Work to be completed. From first line to last, copy the listing exactly and omit its pictures.

Dataset section.
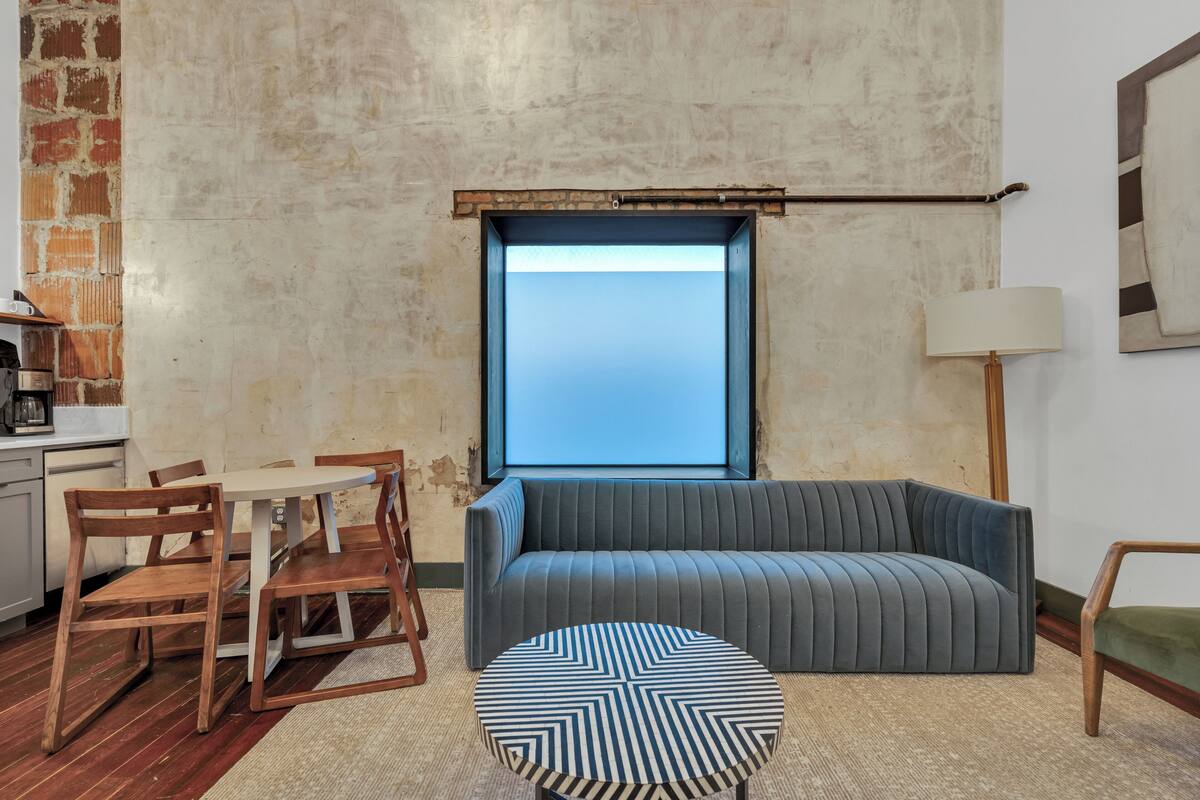A room with a sofa, a round table, a lamp, and a window.
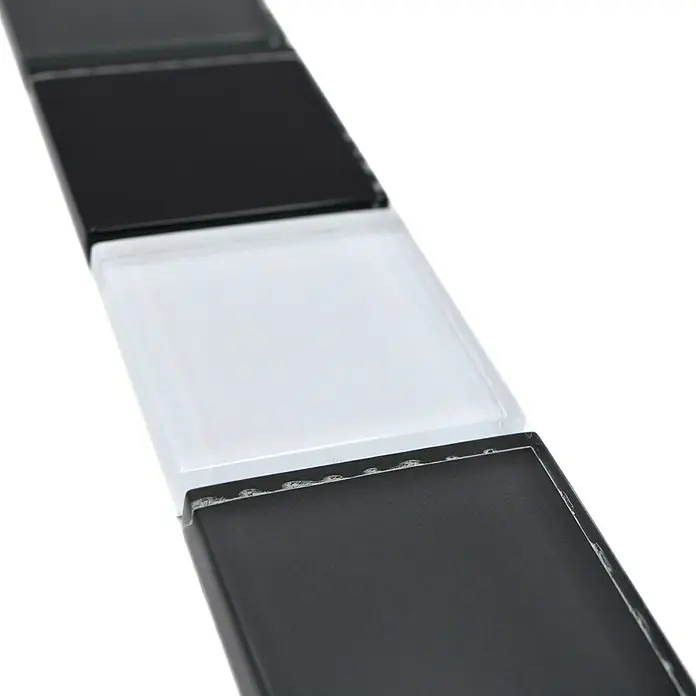 Fliesenbordüre Vision BO NB19481 - 4,8 x 30 cm, Mix Schwarz/Grau, Glänzend - Nahaufnahme von schwarzen und weißen quadratischen Glasmosaikfliesen für Wandverkleidungen, ideal für Küche und Bad.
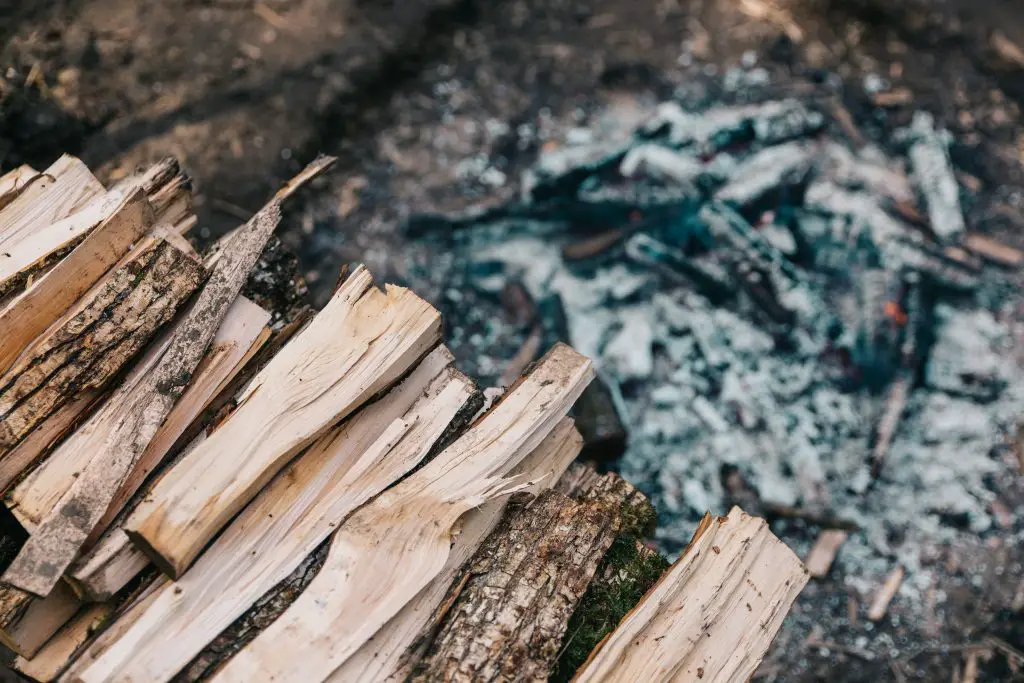 A stack of kindling over the glowing coals of a campfire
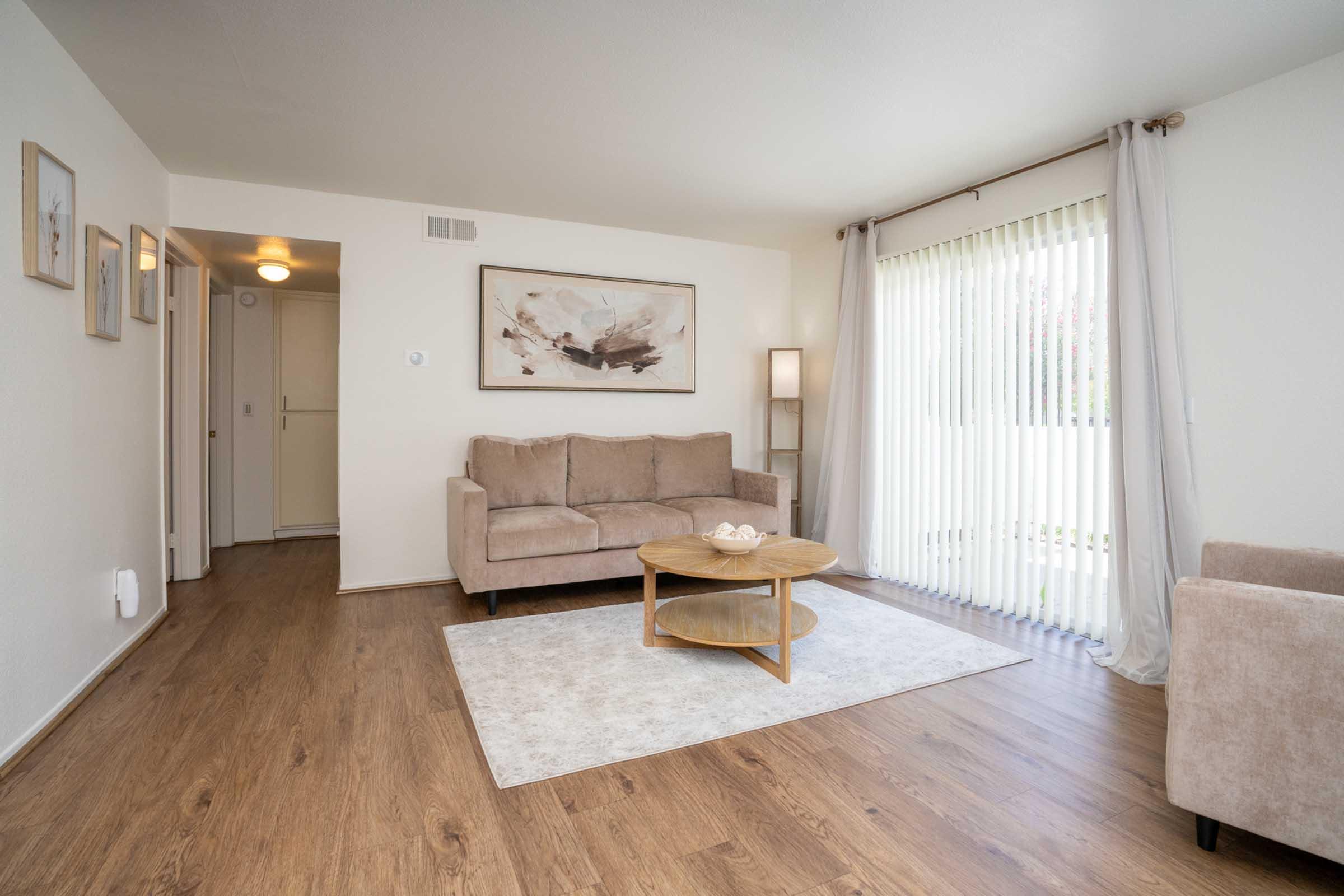 A cozy living room featuring a light brown sofa, a round coffee table with a decorative bowl, and a large window covered with vertical blinds. The room is adorned with framed artwork on the walls, soft lighting, and a neutral color palette, creating a warm and inviting atmosphere.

Response.
A room with a sofa, a round table, a lamp, and a window.
 Fliesenbordüre Vision BO NB19481 - 4,8 x 30 cm, Mix Schwarz/Grau, Glänzend - Nahaufnahme von schwarzen und weißen quadratischen Glasmosaikfliesen für Wandverkleidungen, ideal für Küche und Bad.
 A stack of kindling over the glowing coals of a campfire
 A cozy living room featuring a light brown sofa, a round coffee table with a decorative bowl, and a large window covered with vertical blinds. The room is adorned with framed artwork on the walls, soft lighting, and a neutral color palette, creating a warm and inviting atmosphere.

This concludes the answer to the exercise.